--- RECORDS FOR THIS TASK ---

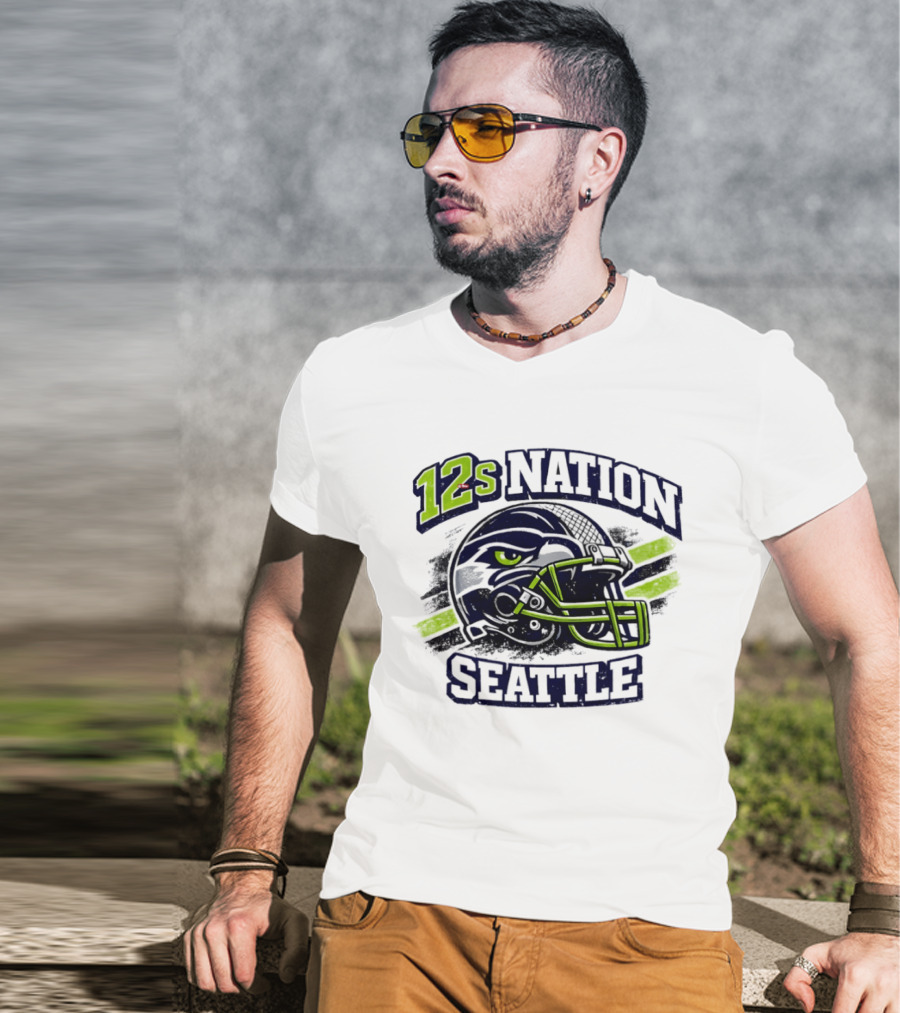 12s Nation Seattle Football Helmet Seahawks T-Shirt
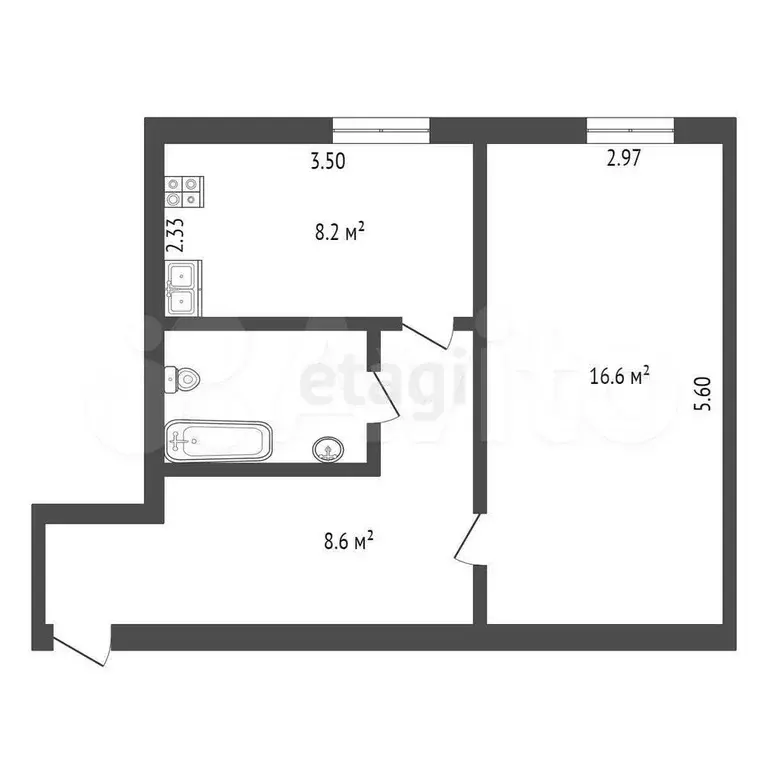 1-к. квартира, 36 м, 5/5 эт. - Фото 0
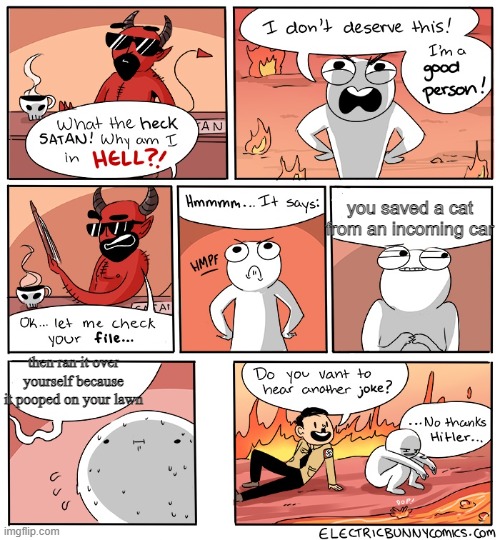 Why Am I in hell | you saved a cat from an incoming car; then ran it over yourself because it pooped on your lawn | image tagged in why am i in hell | made w/ Imgflip meme maker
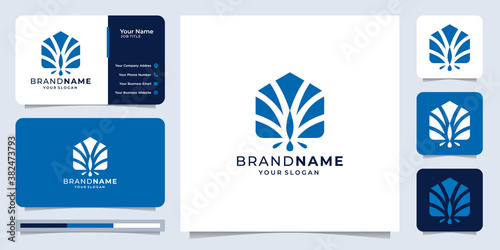 palm house logo design template.logo for palm , island, Dubai, United Arab Emirates. logo with business card.premium vector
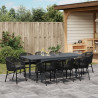 Juego de Comedor de Jardín de 10 Piezas con Cojines Negro Rattan Sintético.  Mesa de Jardín Extensible Anthracite (140-210)x90x7 3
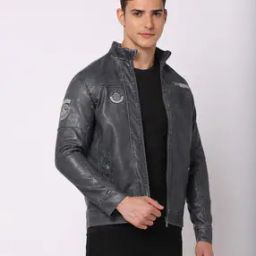 Zip-Front Regular Fit Biker Jacket-picture-20
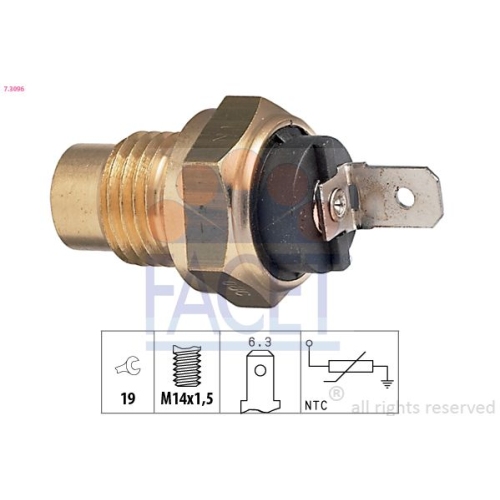 Sensor Kühlmitteltemperatur Facet 7.3096 Made In Italy - Oe Equivalent für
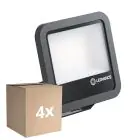 Lot 4x Ledvance Projecteur LED Aluminium Noir 69W 9150lm 100D - 830 Blanc Chaud | IP66 - Symétrique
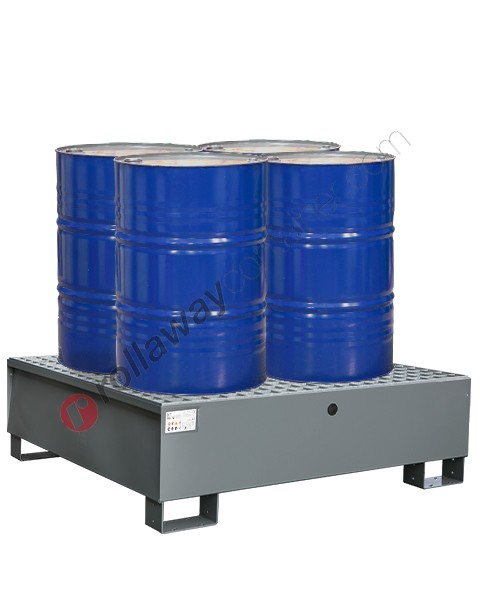 Drum spill pallet 300 lt in painted steel with grid 1355 x 1255 x 290 mm for 4 drums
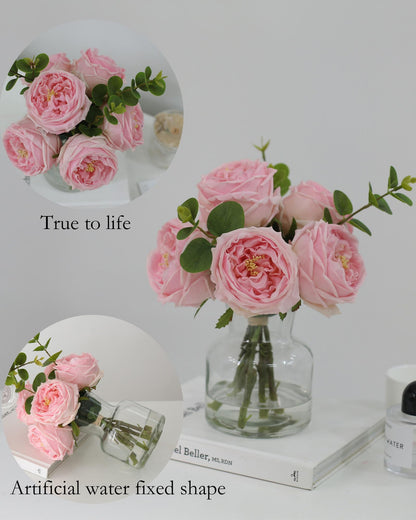 CHASMILE Artificial Flowers with Pink Roses in Vase, Lifelike Fake Flowers in Vase, Faux Flower Arrangements for Dining Table Centerpiece Decor, Table Centerpieces for Dining Room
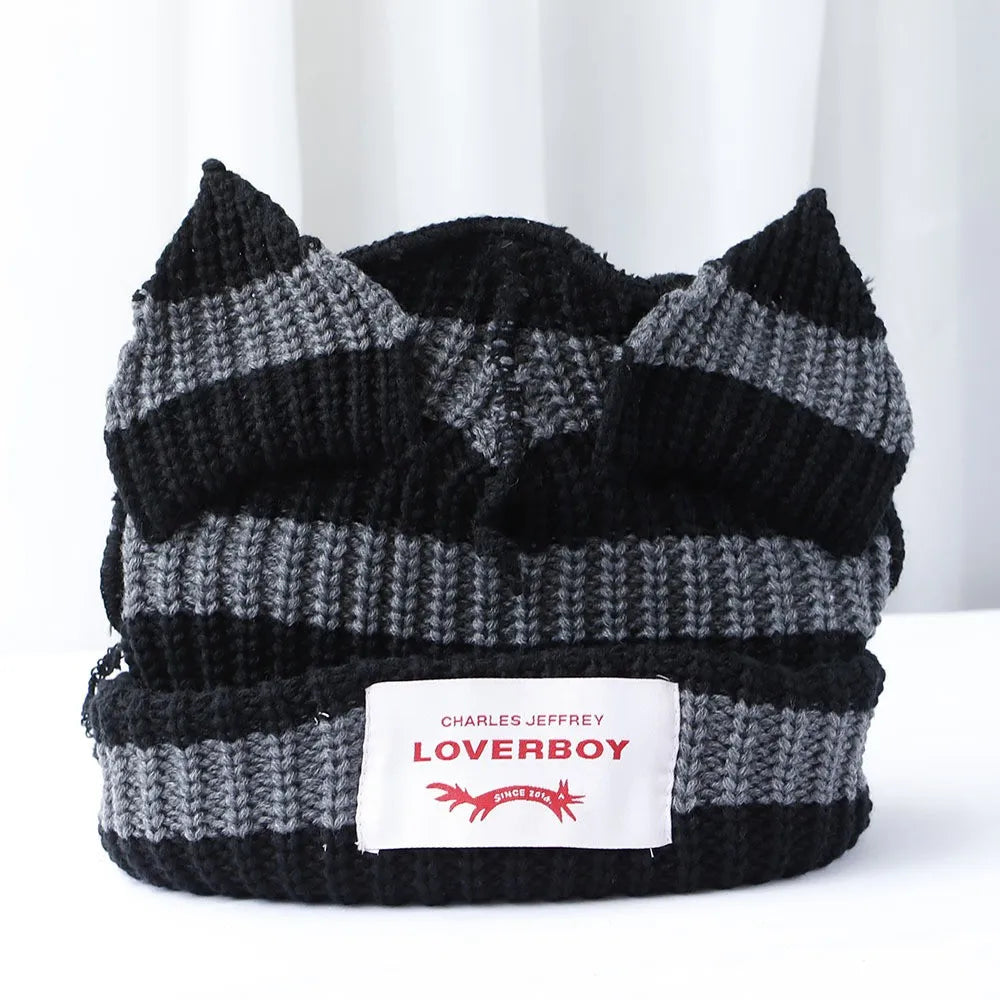 Winter Skullies Hat Unisex Cat Ear Hat Warm Crochet Knitted Hat Costume Beanie Hat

---

● **TASK TO CARRY OUT**
Please repeat, exactly and with nothing else, the lines from the one containing "Sensor Kühlmitteltemperatur Facet" to the last line of the entries, both included, excluding any pictures.

● **SOLUTION**
 Sensor Kühlmitteltemperatur Facet 7.3096 Made In Italy - Oe Equivalent für
 Lot 4x Ledvance Projecteur LED Aluminium Noir 69W 9150lm 100D - 830 Blanc Chaud | IP66 - Symétrique
 Drum spill pallet 300 lt in painted steel with grid 1355 x 1255 x 290 mm for 4 drums
 CHASMILE Artificial Flowers with Pink Roses in Vase, Lifelike Fake Flowers in Vase, Faux Flower Arrangements for Dining Table Centerpiece Decor, Table Centerpieces for Dining Room
 Winter Skullies Hat Unisex Cat Ear Hat Warm Crochet Knitted Hat Costume Beanie Hat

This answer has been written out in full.